The Pirates are quite literally adrift after this announcement. While the fan base has been calling for the heads of all three of these individuals, the timing of their respective dismissals is confusing and chaotic. A manager search was ongoing over the past few weeks; was Nutting really letting a GM whose job was not secure oversee such a search? With decisions needing to be made regarding the 40-man roster shortly after the end of the World Series, why was Huntington the last to go? If Coonelly had truly alerted the team toward the end of the 2019 season that he was departing for the league offices, why would Nutting stand his ground on Huntington’s job security only to renege upon hiring a new president?

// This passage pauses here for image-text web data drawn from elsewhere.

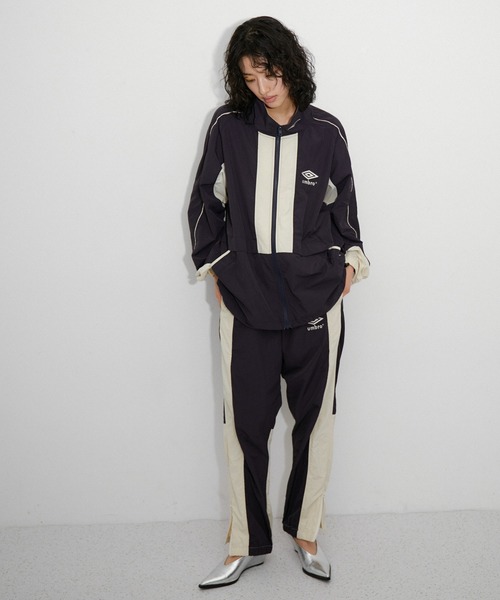 ADAM ET ROPE'（アダムエロペ）の「【UMBRO for ADAM ET ROPE'】TRACK JK（その他アウター・レディース・ネイビー/キナリ・M）」の21枚目の写真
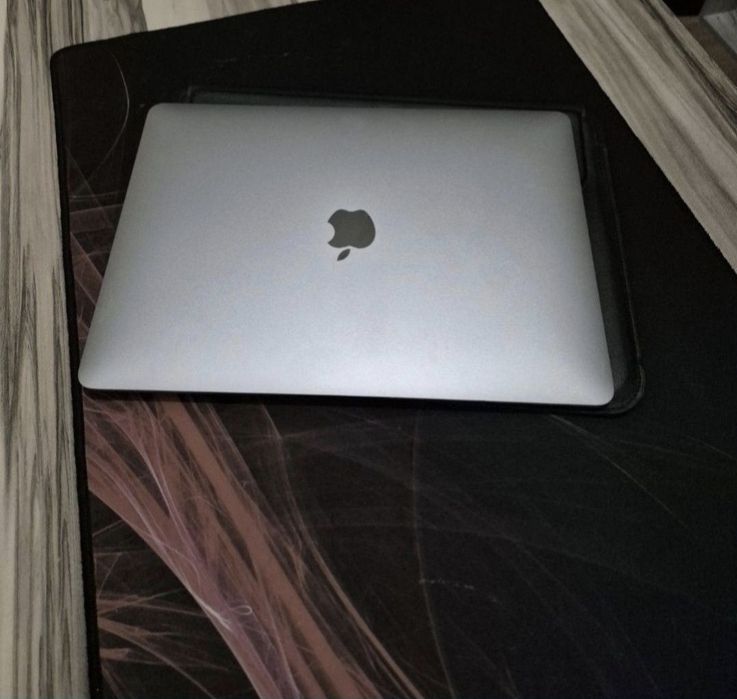 Mackbook Air Retina 2020 года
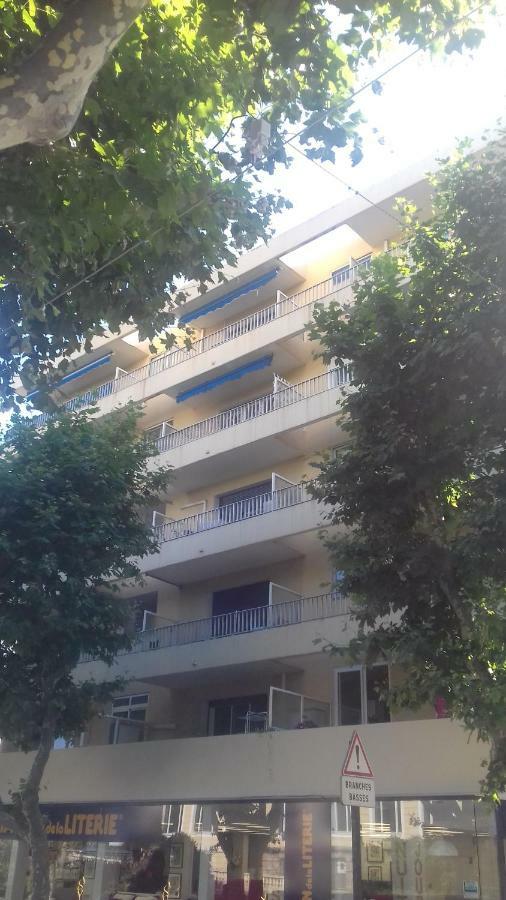 Residence L'Emilia Ιέρ Εξωτερικό φωτογραφία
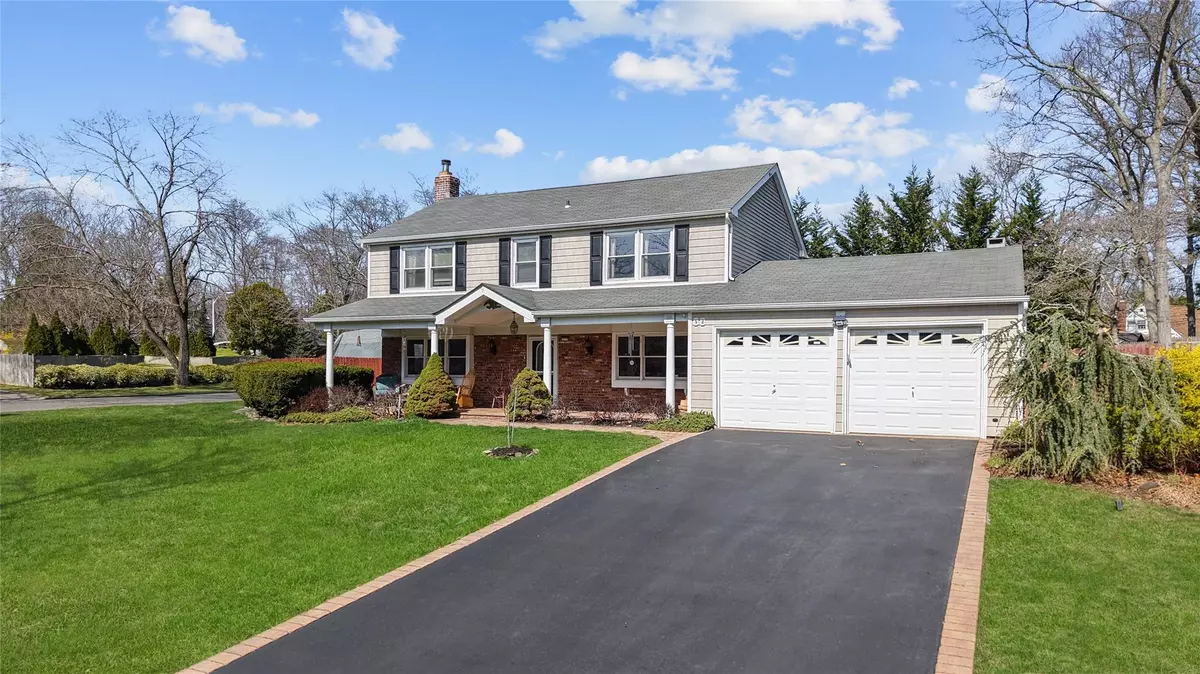 Stony Brook, NY 11790,52 Barker DR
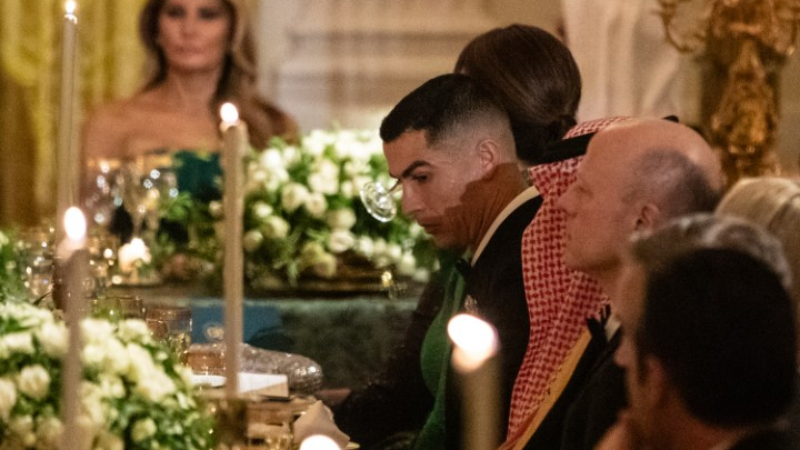 Trump, Suudi Arabistan'ı "NATO dışı önemli müttefik" ilan etti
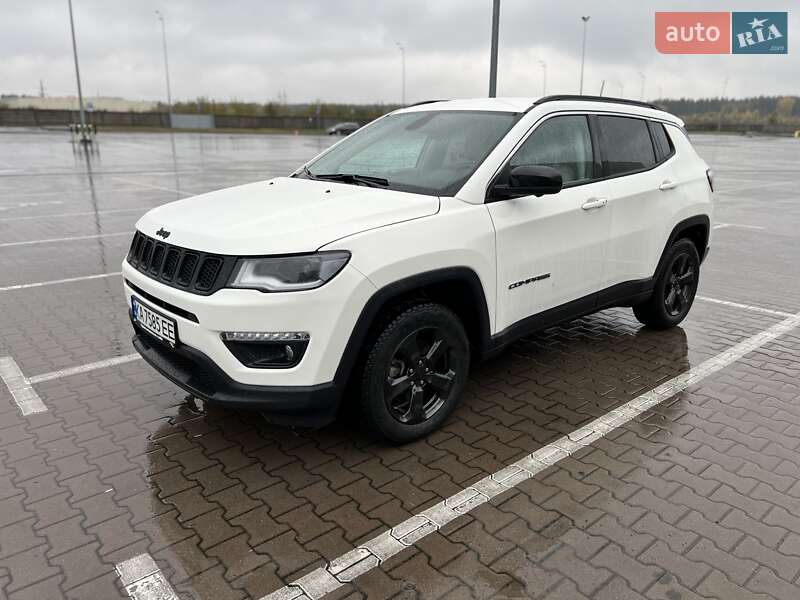 Внедорожник / Кроссовер Jeep Compass 2020 в Киеве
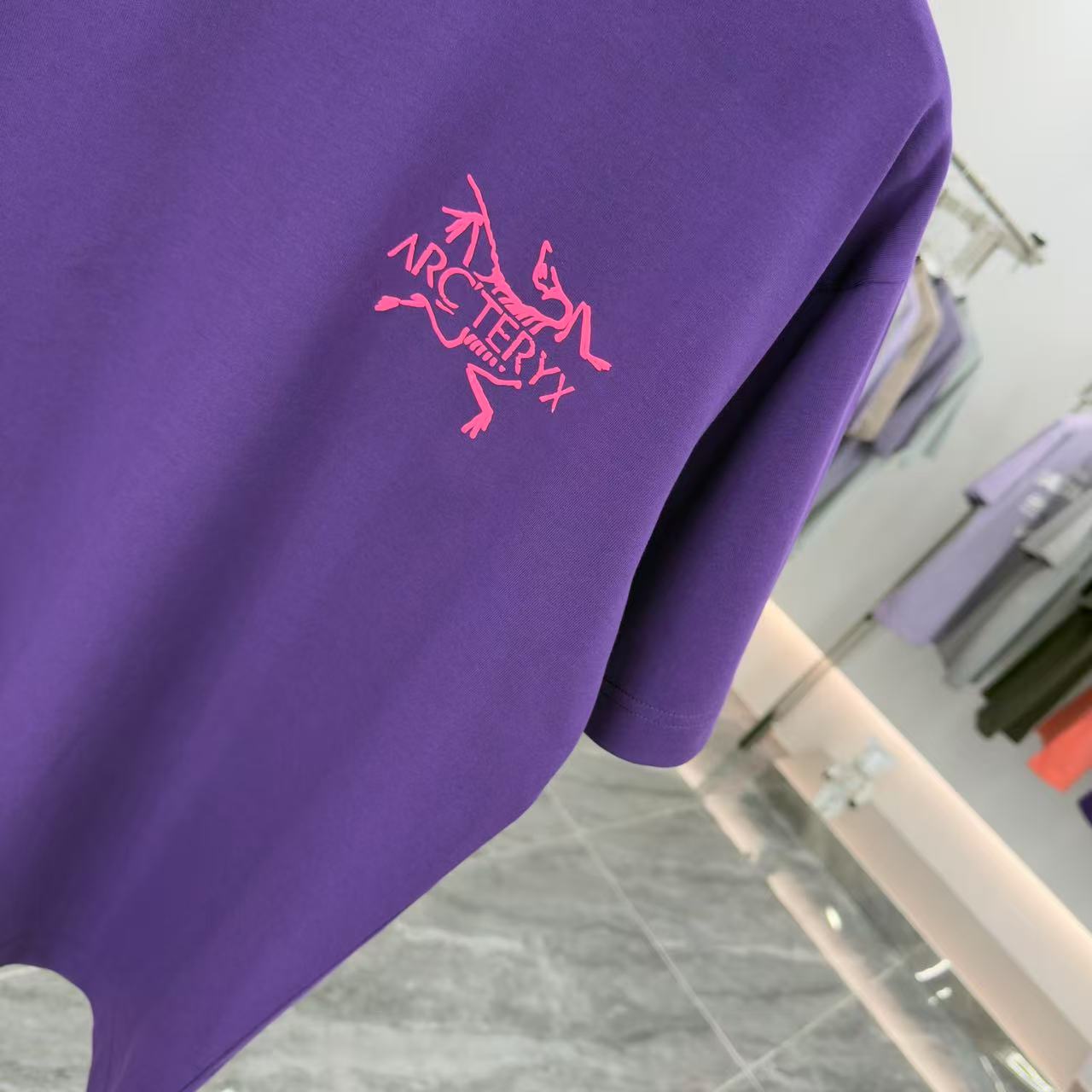 LuxluxHouse Best Quality Clothes T-shirt Arcteryx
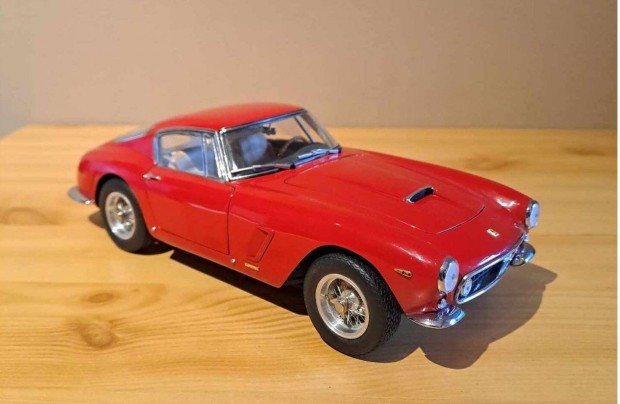 1:18 CMC Ferrari 250 GT Berlinetta Swb modell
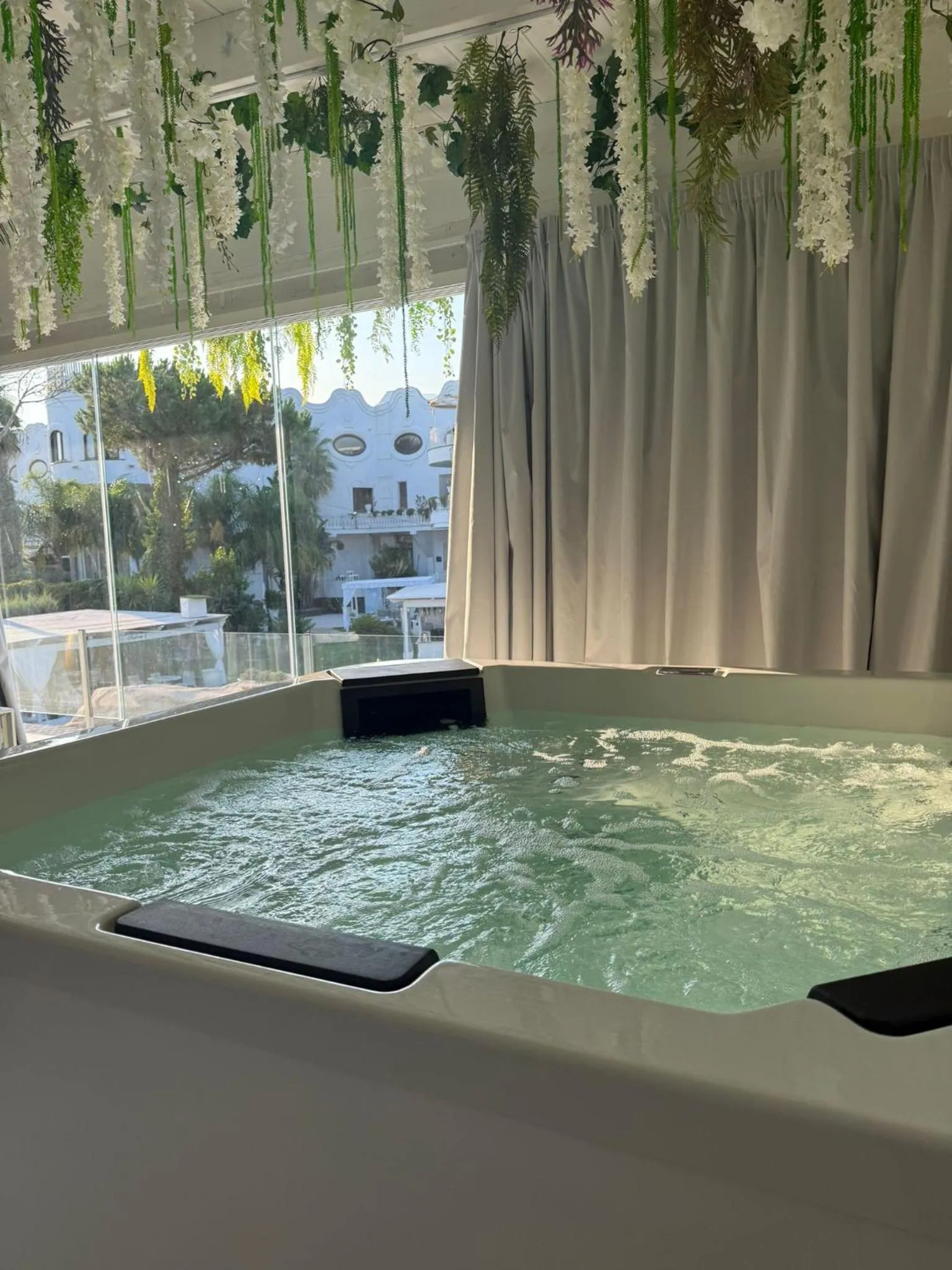 Hot Tub in Hotel Imperiale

How much control does Travis Williams have already, and is a hockey guy ready for such baseball duties as rebuilding a floundering front office?
While we may never know the answer to several of these hypotheticals, the last question could be answered in the coming weeks and the arrival of the winter meetings. Williams’ hiring and the hiring of a new GM will ultimately decide what happens with Chris Archer’s contract option, Starling Marte’s trade availability, and how a host of first year arbitration-eligible players’ hearings fare.
Had Huntington not been fired, one could imagine
the savvy projections man him standing pat behind his roster and stating the club’s intentions to compete in 2020. With his dismissal, the prospect of a tried and true rebuild are fully on the table. It’s hard to see the organization parting with the likes of a seemingly young and promising core; I would think Kevin Newman, Bryan Reynolds, Mitch Keller, and even Cole Tucker would be safe from the trading block (let’s throw Ke’Bryan Hayes in there as well). There is a glaring need to restock the starting pitching at the major league and minor league level, a priority that should come first for whoever becomes the next captain of this front office.
A rebuild would mean mediocrity at the most and putrid play at the worst for the next several years for this ball club. While those of us on this site may be prepared for such a process, it’s hard to say that the rest of the fan base will be as understanding. Knowing what the potential payoff could be in terms of a competitive team, one can only hope that fans see the bigger picture if the roster does in fact get revamped to rebuild.
As for now, it seems as though the Pirates are on a severely damaged ship. It remains to be seen if they are sinking or not, but the chaotic timeline of October firings is not a good sign that Nutting is running the club correctly or with any kind of baseball savvy. While these firings are seemingly necessary to point the club in the right direction, there is no guarantee that Nutting has any idea which direction that is. This makes the prospect of a rebuild all the more nerve-wracking—can the new president hire a GM that can right the ship?